DESCRIPTION OF THE TASK: The material below has pictures in it. Set down only the lines from the line containing "1665 Butterfly Knot Drive SW" through the line containing "FIRESTONE Forestry Special", word for word, and leave the pictures behind.

INPUT MATERIAL:
'''

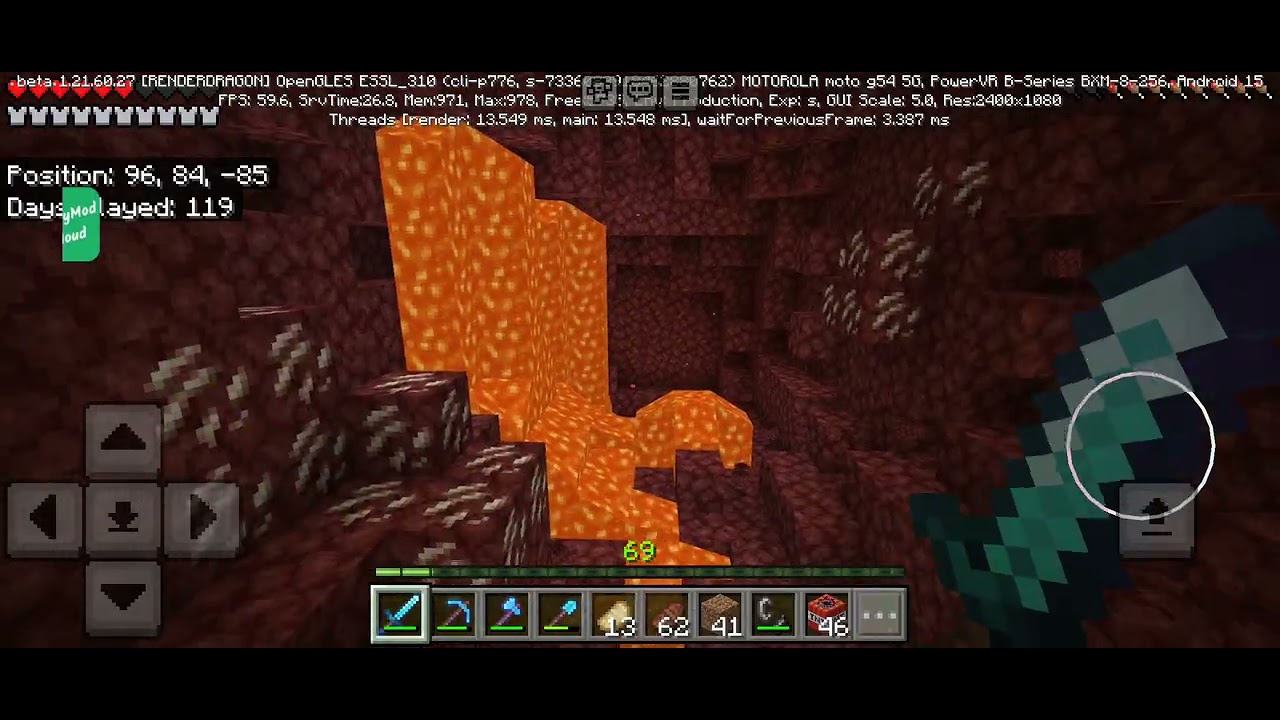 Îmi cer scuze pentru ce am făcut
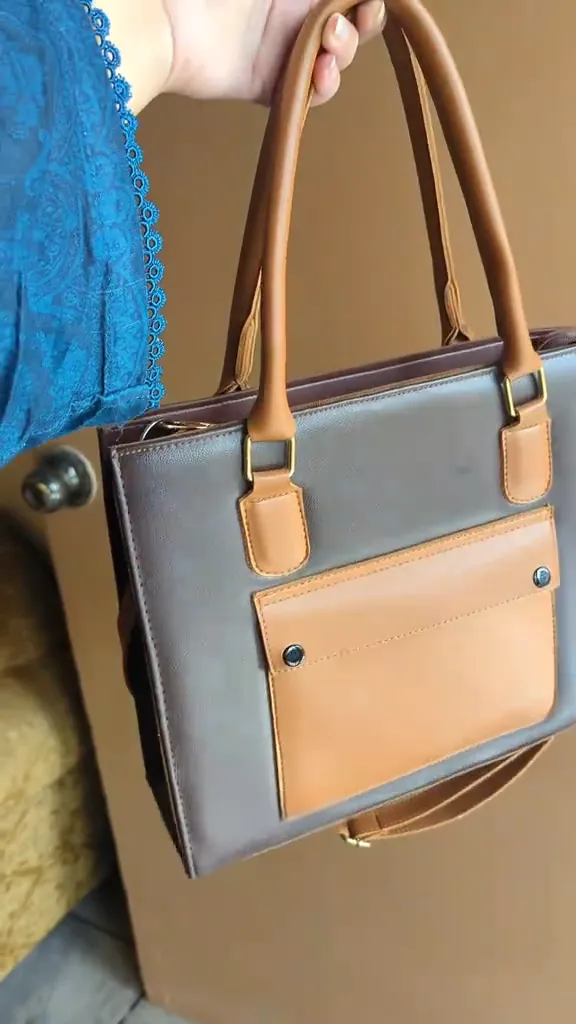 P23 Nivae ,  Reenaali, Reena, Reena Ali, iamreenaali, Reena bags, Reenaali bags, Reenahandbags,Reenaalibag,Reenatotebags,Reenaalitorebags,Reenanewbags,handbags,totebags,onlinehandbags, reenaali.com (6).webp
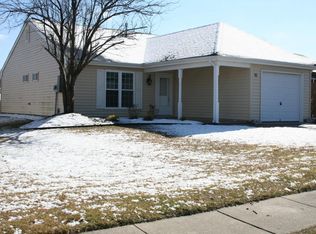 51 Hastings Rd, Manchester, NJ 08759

'''
'''

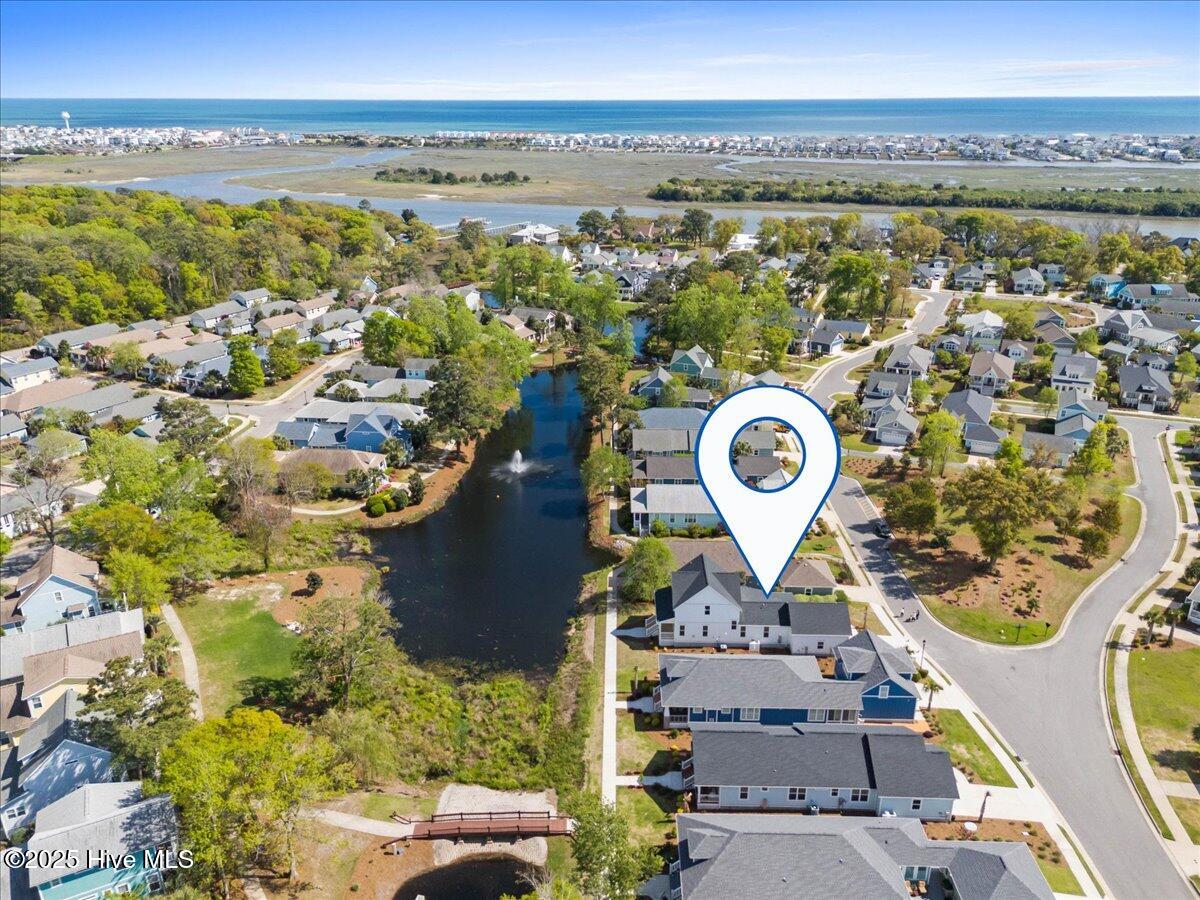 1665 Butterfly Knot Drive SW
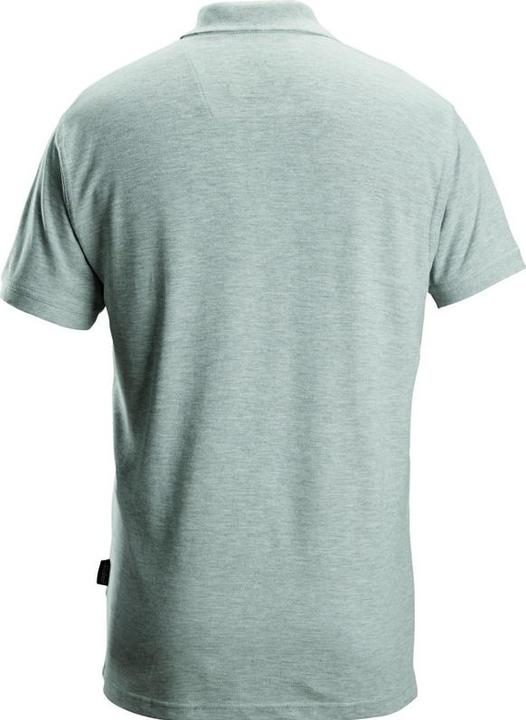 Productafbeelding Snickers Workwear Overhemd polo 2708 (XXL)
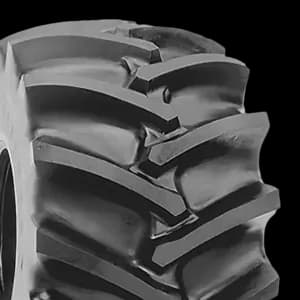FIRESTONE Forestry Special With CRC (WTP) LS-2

'''

RESPONSE:
 1665 Butterfly Knot Drive SW
 Productafbeelding Snickers Workwear Overhemd polo 2708 (XXL)
FIRESTONE Forestry Special With CRC (WTP) LS-2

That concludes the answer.